▶ Source material
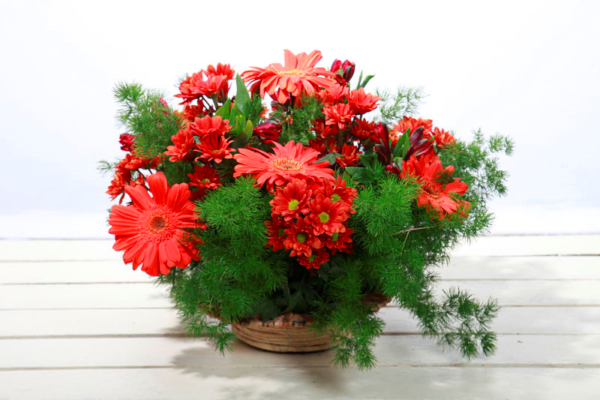 Cesta en colores rojos-anaranjados - Imagen 2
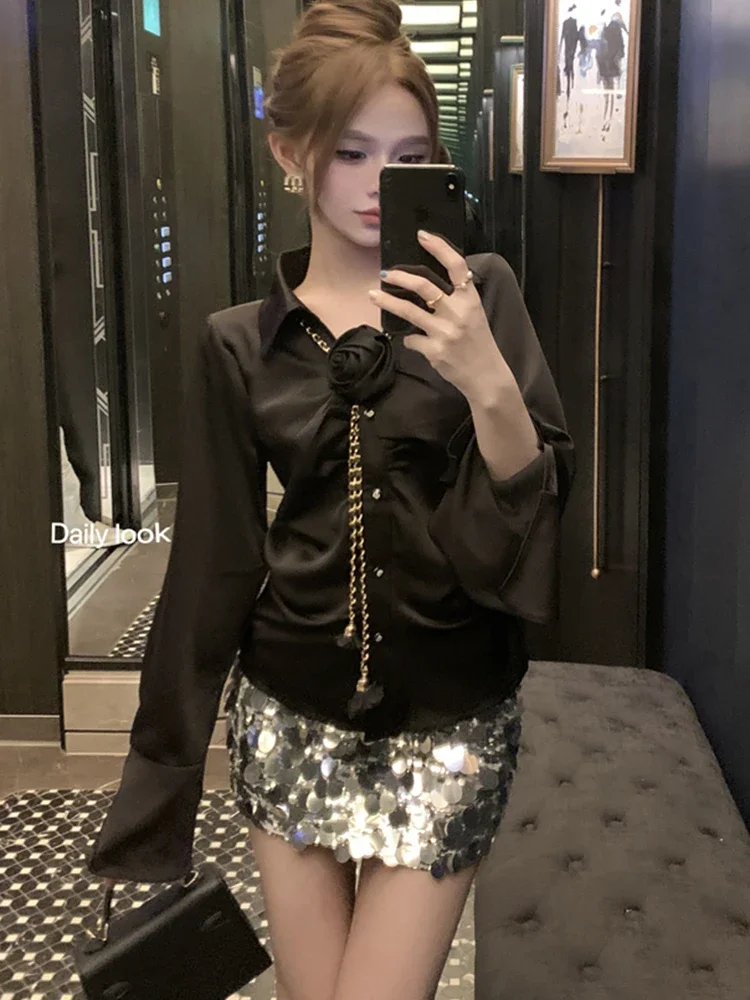 3d Floral Weißes Hemd Frauen Süße Langarm Elegante Dünne Bluse Mode Lässig Koreanische Weiblichen Frühling Plissee Tops Neue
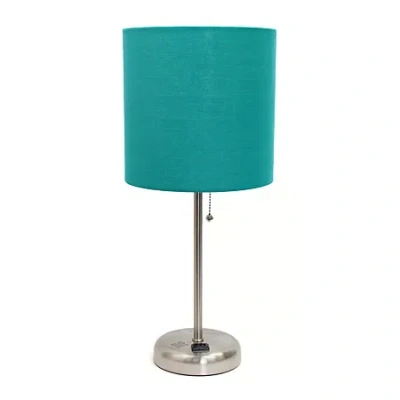 All The Rages Limelights Stick Lamp With Charging Outlet Table Lamp In Blue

▶ Work task
For your answer, write out the data exactly and drop every picture.

▶ Result of the exercise
 Cesta en colores rojos-anaranjados - Imagen 2
 3d Floral Weißes Hemd Frauen Süße Langarm Elegante Dünne Bluse Mode Lässig Koreanische Weiblichen Frühling Plissee Tops Neue
 All The Rages Limelights Stick Lamp With Charging Outlet Table Lamp In Blue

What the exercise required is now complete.